Playing Push vs Pull: Models and Algorithms for Disseminating Playing Push vs Pull: Models and Algorithms for Disseminating Dynamic Data in Networks
Consider a network in which a collection of source nodes maintain and periodically update data objects for a collection of sink nodes, each of which periodically accesses the data originating from some specified subset of the source nodes. We consider the task of efficiently relaying the dynamically changing data objects to the sinks from their sources of interest. Our focus is on the following ``push-pull'' approach for this data dissemination problem. Whenever a data object is updated, its source relays the update to a designated subset of nodes, its push set; similarly, whenever a sink requires an update, it propagates its query to a designated subset of nodes, its pull set. The push and pull sets need to be chosen such that every pull set of a sink intersects the push sets of all its sources of interest. We study the problem of choosing push sets and pull sets to minimize total global communication while satisfying all communication requirements.
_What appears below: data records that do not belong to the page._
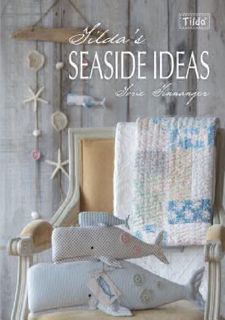 ❤[READ]❤ [Books] READ Tilda's Seaside Ideas Free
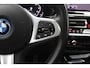 BMW iX3 High Executive 80 kWh 293 PK, SOH 98 %, Panoramadak, Leder, Adap. Cruise Control, Camera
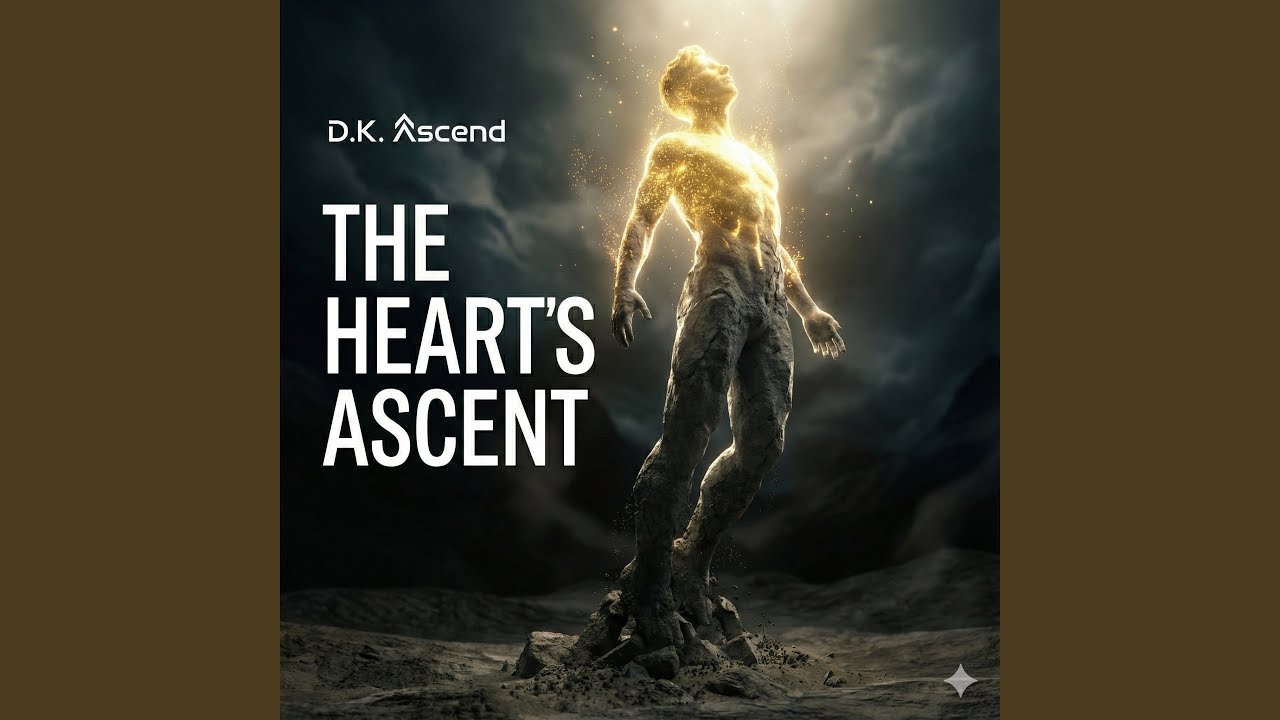 The Heart's Ascent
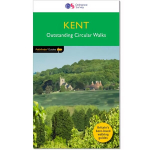 Kent 2016 Revised edition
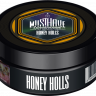 Табак MustHave - Honey Holls (Медовые леденцы) 125 гр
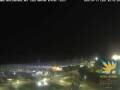 Webcam Bellaria-Igea Marina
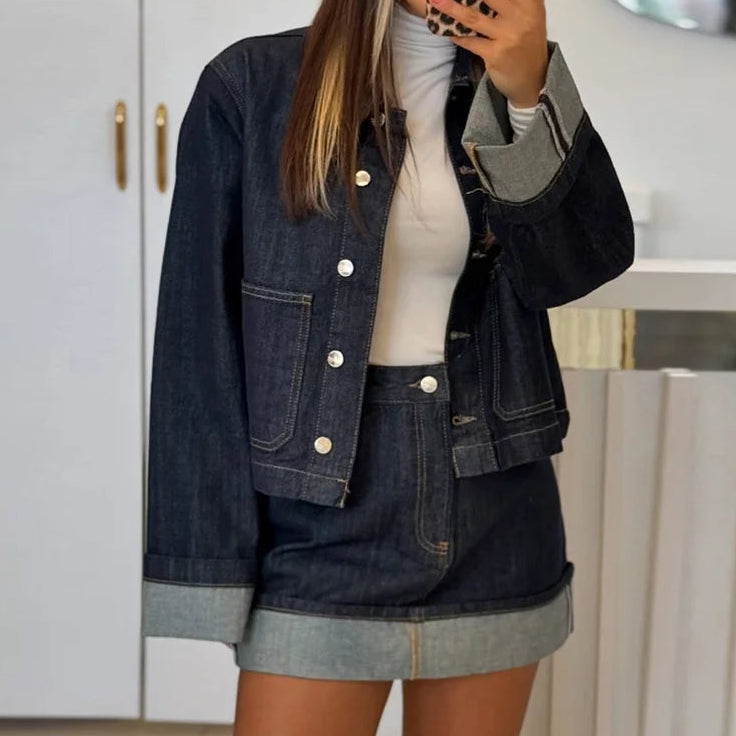 conjunto , conjuntojeans ,conjuntofemininojeans , conjuntojeansfeminino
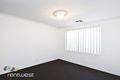 Property photo of 79 Litchfield Circle Wandi WA 6167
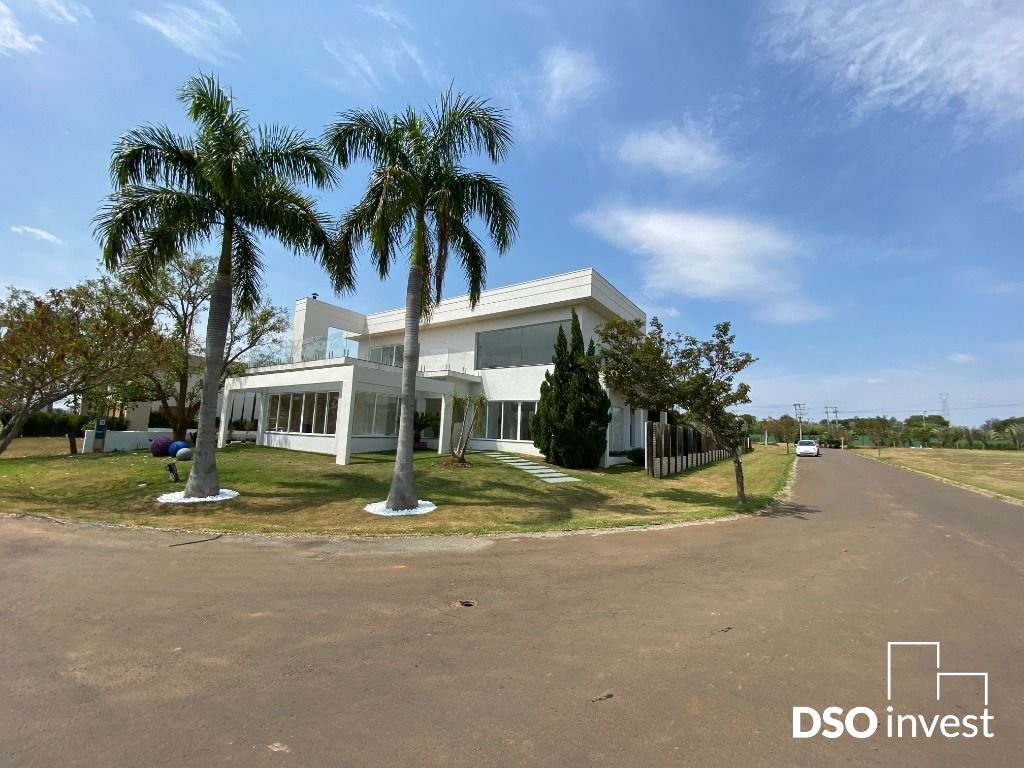 Casa em Condominio - Porto Feliz Casa em Condominio - Porto Feliz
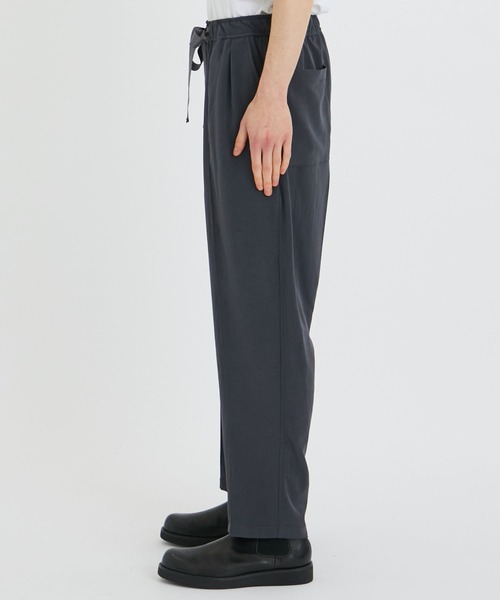 RAINMAKER（レインメーカー） パンツ スラックス 「RAINMAKER/レイン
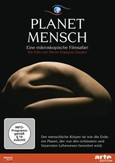 Planet Mensch, DVD Planet Mensch, DVD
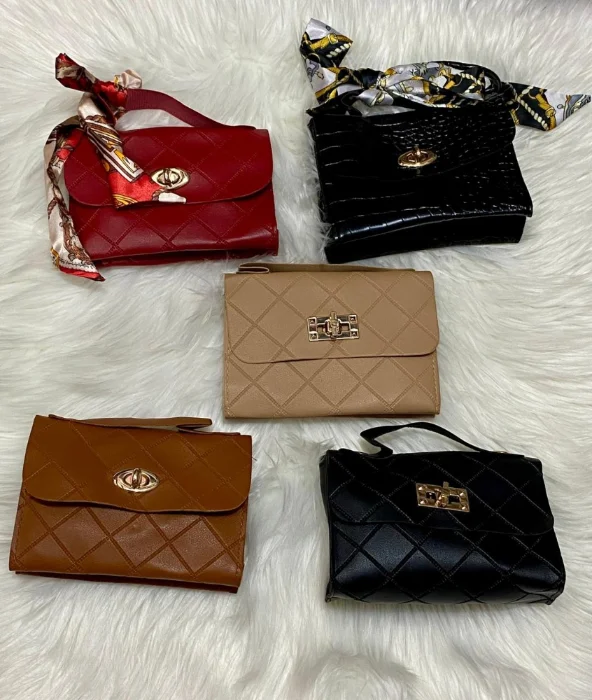 Carteras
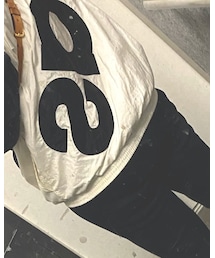 adidas | ブルゾン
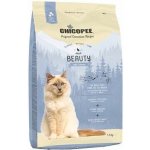 Chicopee CNL CAT Adult Beauty Salmon 1,5 kg – Hledejceny.cz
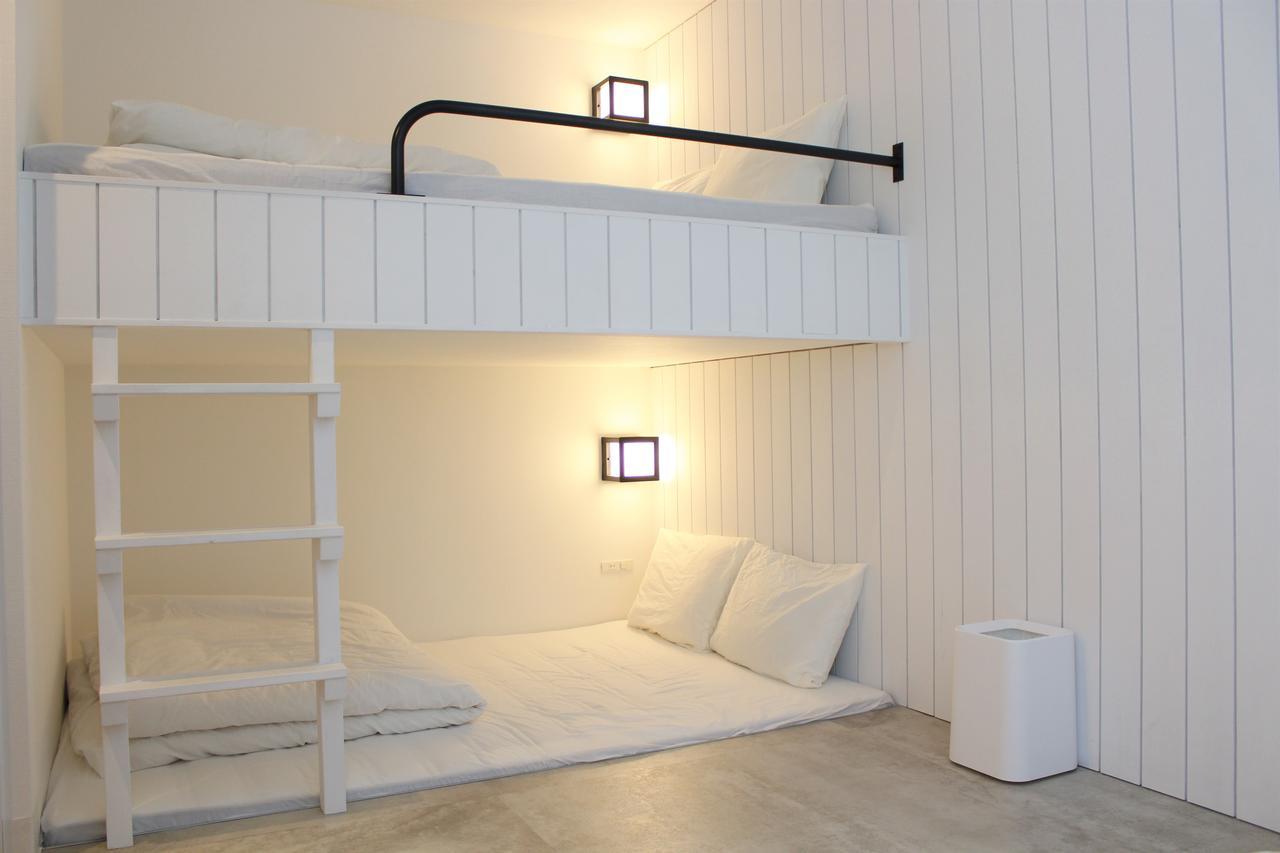 Sekai Hotel Momiji Osaka Dış mekan fotoğraf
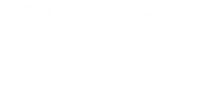 Triple A S.A. E.S.P.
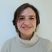 Laura professeur particulier Français Groupe Réussite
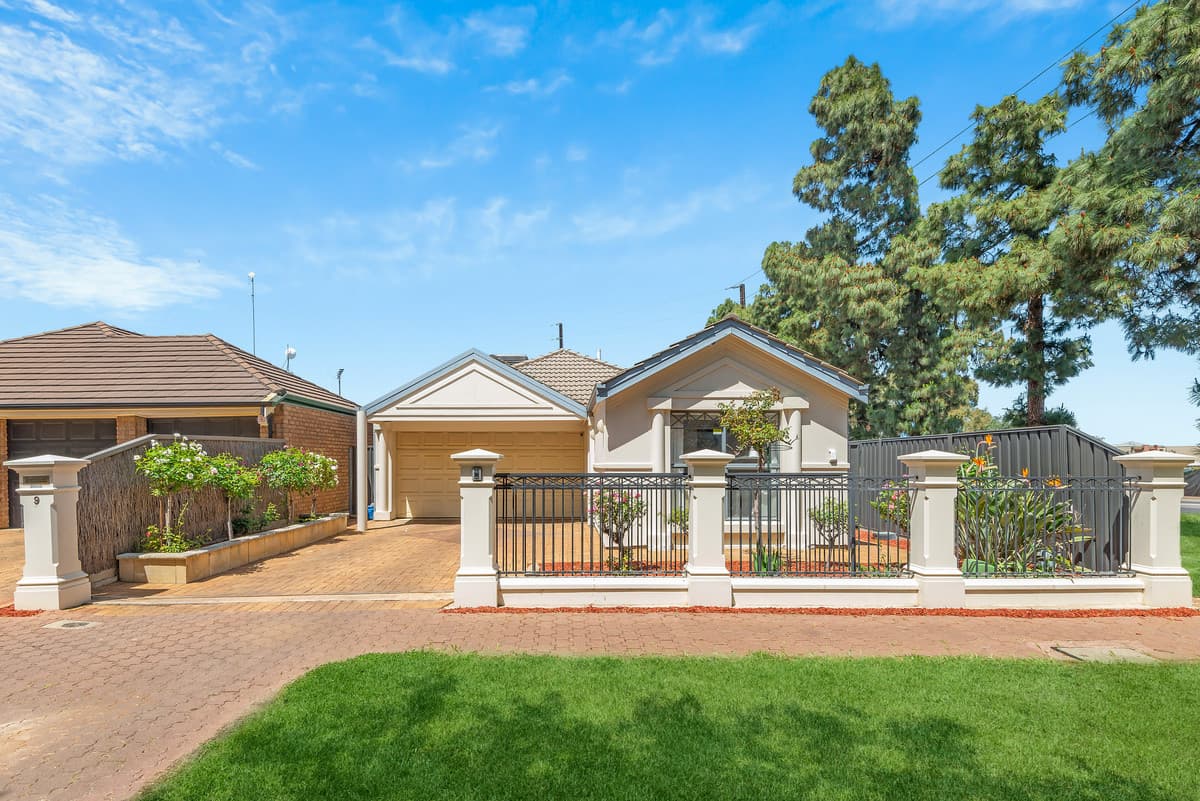 9 Chatswood Court, Oakden SA 5086, Oakden - Image 1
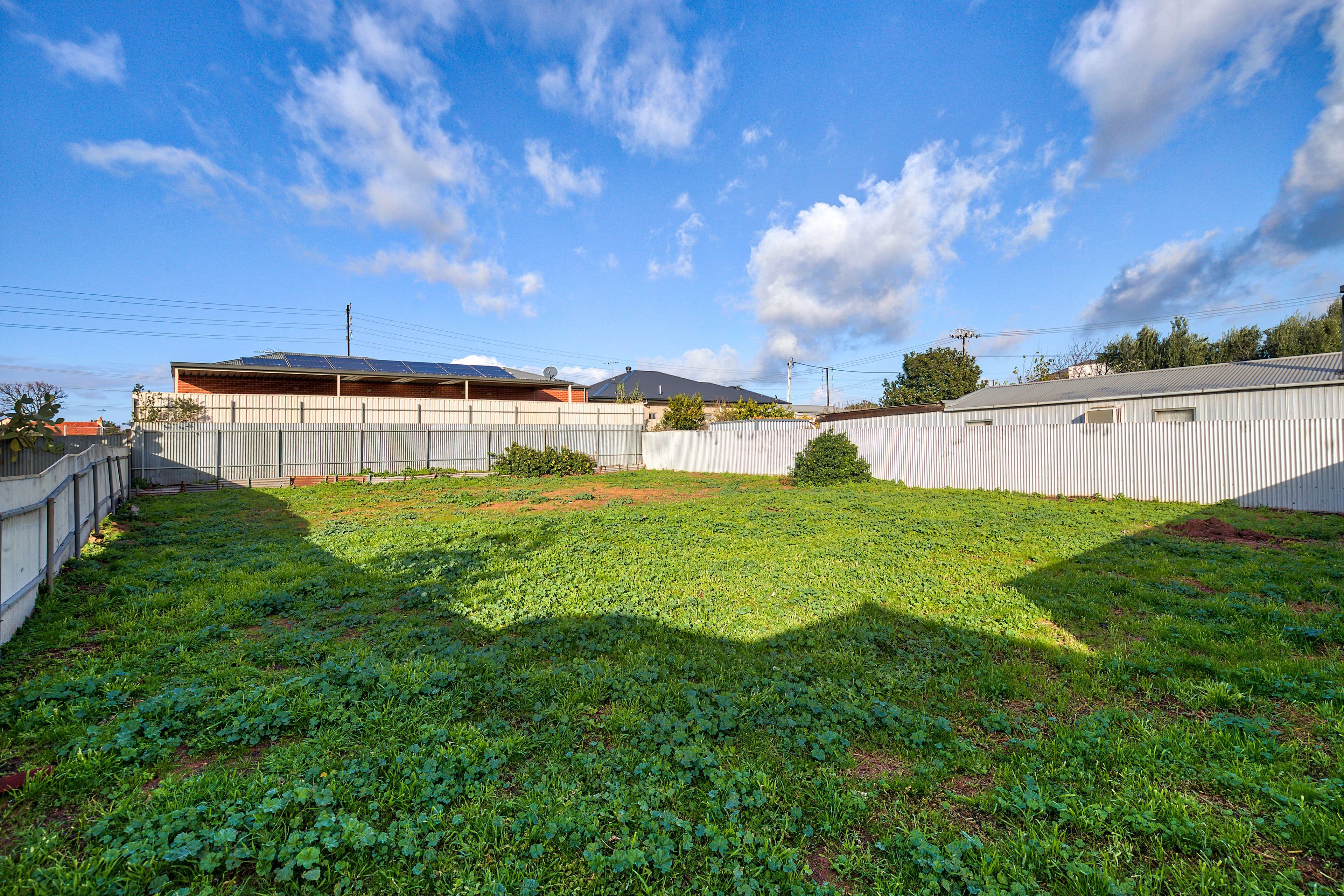 24 Airdrie Avenue, Seaton SA 5023, Seaton - Thumbnail 4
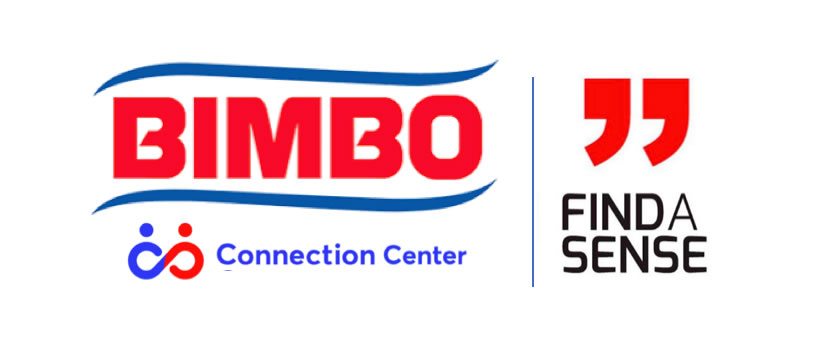 Grupo Bimbo y Findasense lanzan el Bimbo Connection Center en Chile y Perú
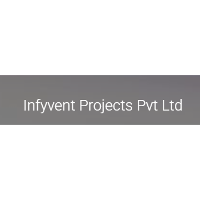 Infyvent Projects 2026 Company Profile: Valuation, Funding & Investors ...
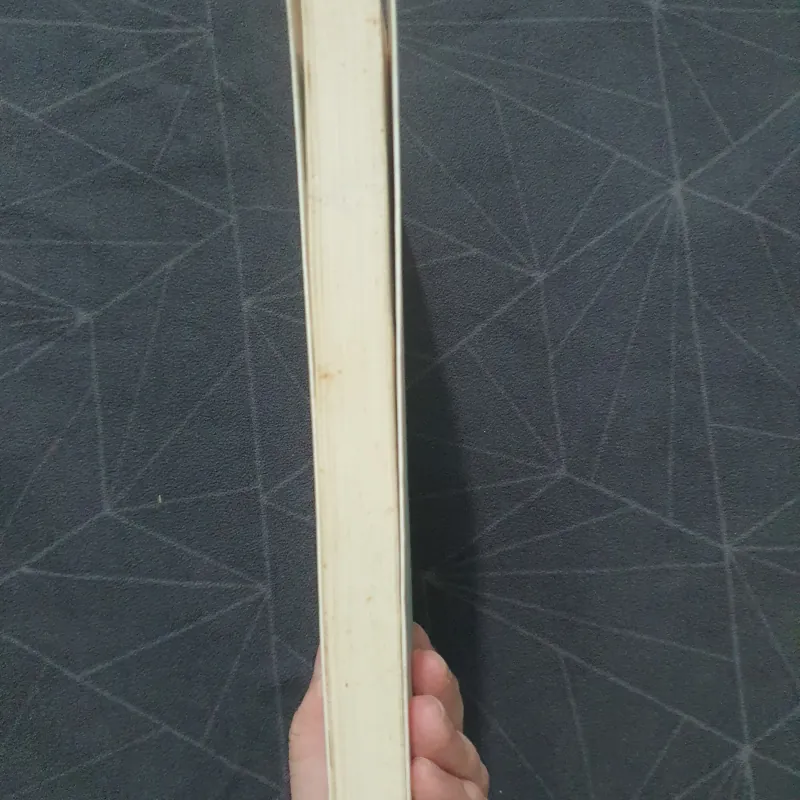 "Gặp gỡ Vương Lịch Xuyên (tập 1)" - Thi Định Nhu 932011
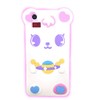 Jewel Jewel pet pad case Bura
We formulate and study several variants of the above data dissemination problem, that take into account different paradigms for routing between sources (resp., sinks) and their push sets (resp., pull sets) -- multicast, unicast, and controlled broadcast -- as well as the aggregability of the data objects. Under the multicast model, we present an optimal polynomial time algorithm for tree networks, which yields a randomized O(log n)-approximation algorithm for n-node general networks, for which the problem is hard to approximate within a constant factor. Under the unicast model, we present a randomized O(log n)-approximation algorithm for non-metric costs and a matching hardness result. For metric costs, we present an O(1)-approximation and matching hardness result for the case where the interests of any two sinks are either disjoint or identical. Finally, under the controlled broadcast model, we present optimal polynomial-time algorithms.
While our optimization problems have been formulated in the context of data communication in networks, our problems also have applications to network design and multicommodity facility location and are of independent interest.
This is joint work with Chakinala, Kuamarasubramanian, Manokaran, Rangan and Rajaraman.